Supplied data:
Start of Block

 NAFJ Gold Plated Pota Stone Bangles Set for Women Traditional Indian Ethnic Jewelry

End of Block
Start of Block

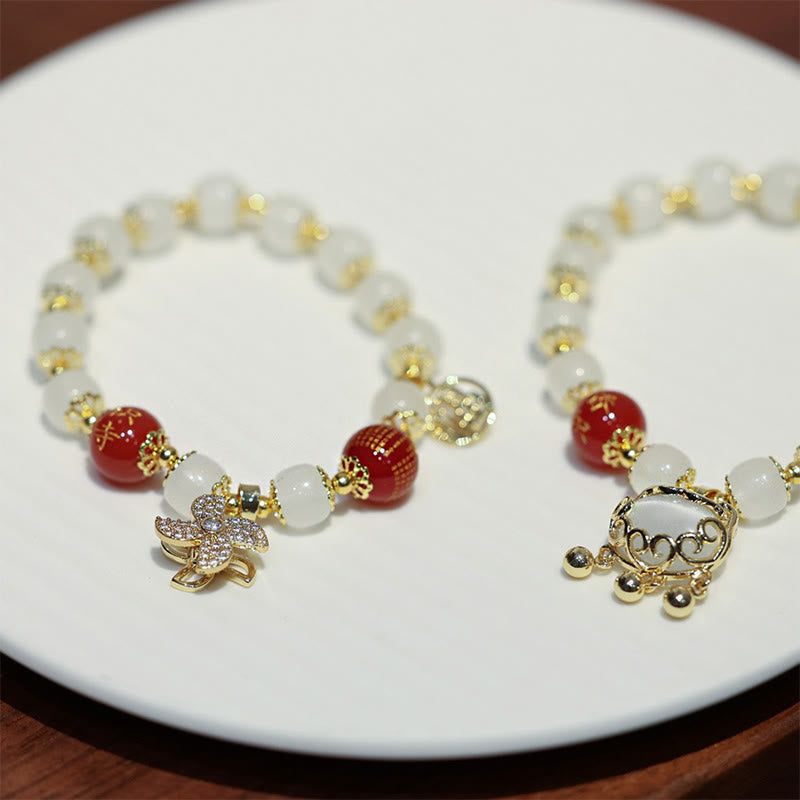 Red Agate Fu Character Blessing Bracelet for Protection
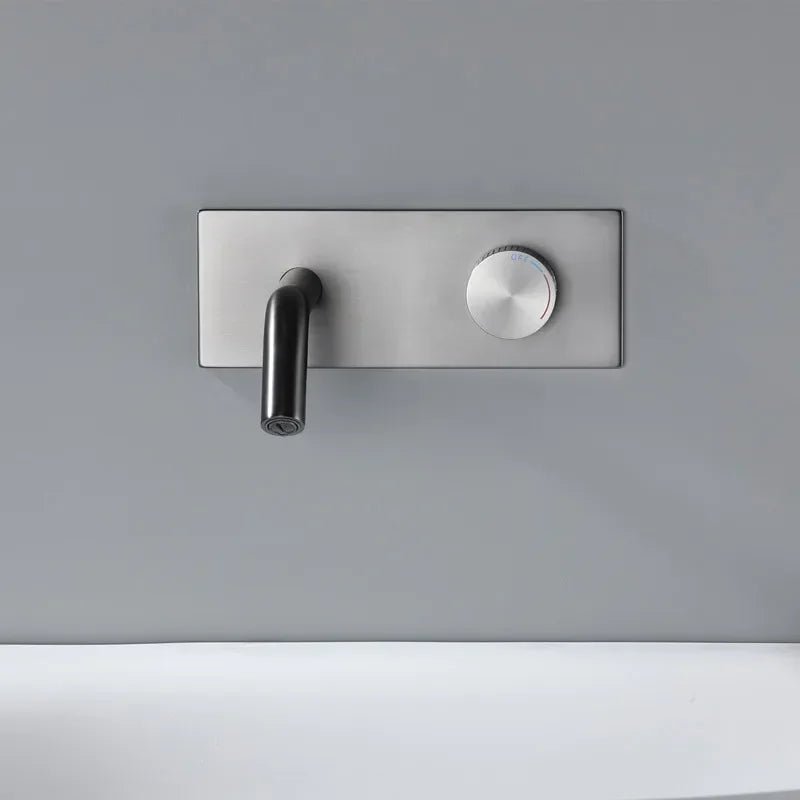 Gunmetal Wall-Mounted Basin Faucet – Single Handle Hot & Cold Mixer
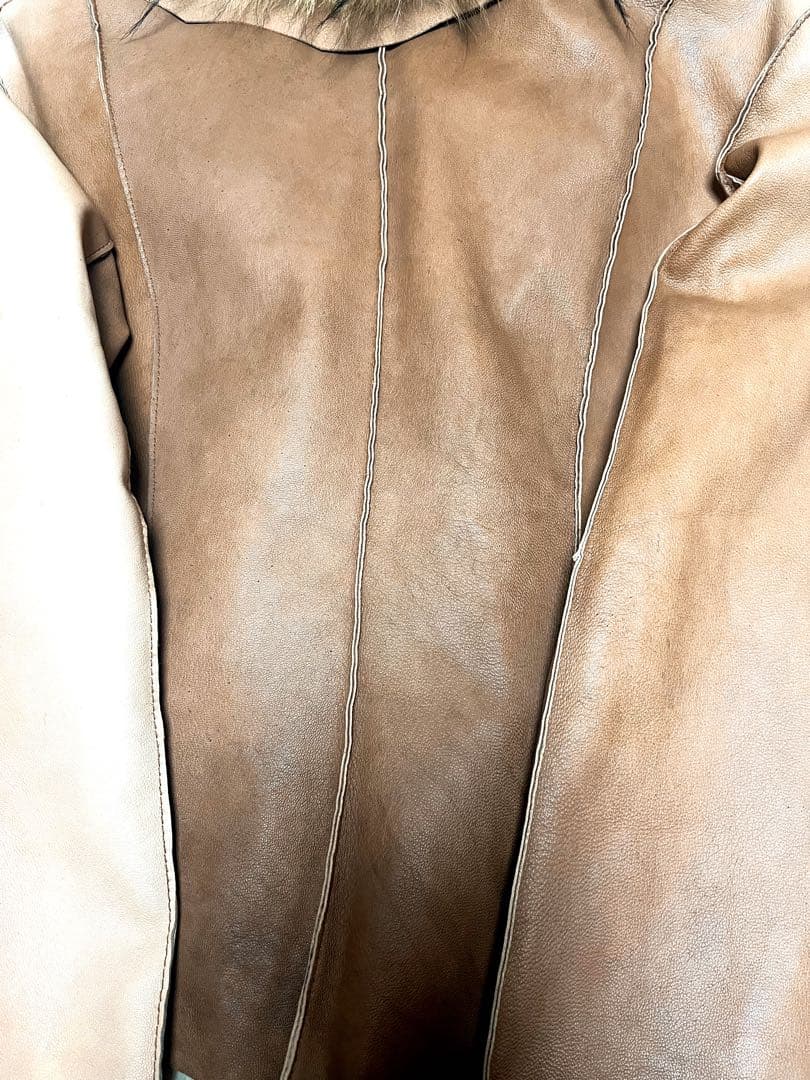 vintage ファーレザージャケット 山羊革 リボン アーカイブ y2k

End of Block

Task objective: Although the records hold pictures, the copy must not; give again exactly the lines from the one with "Gunmetal Wall-Mounted Basin" through the one with "vintage ファーレザージャケット 山羊革 リボン アーカイブ y2k".

Result below:
 Gunmetal Wall-Mounted Basin Faucet – Single Handle Hot & Cold Mixer
 vintage ファーレザージャケット 山羊革 リボン アーカイブ y2k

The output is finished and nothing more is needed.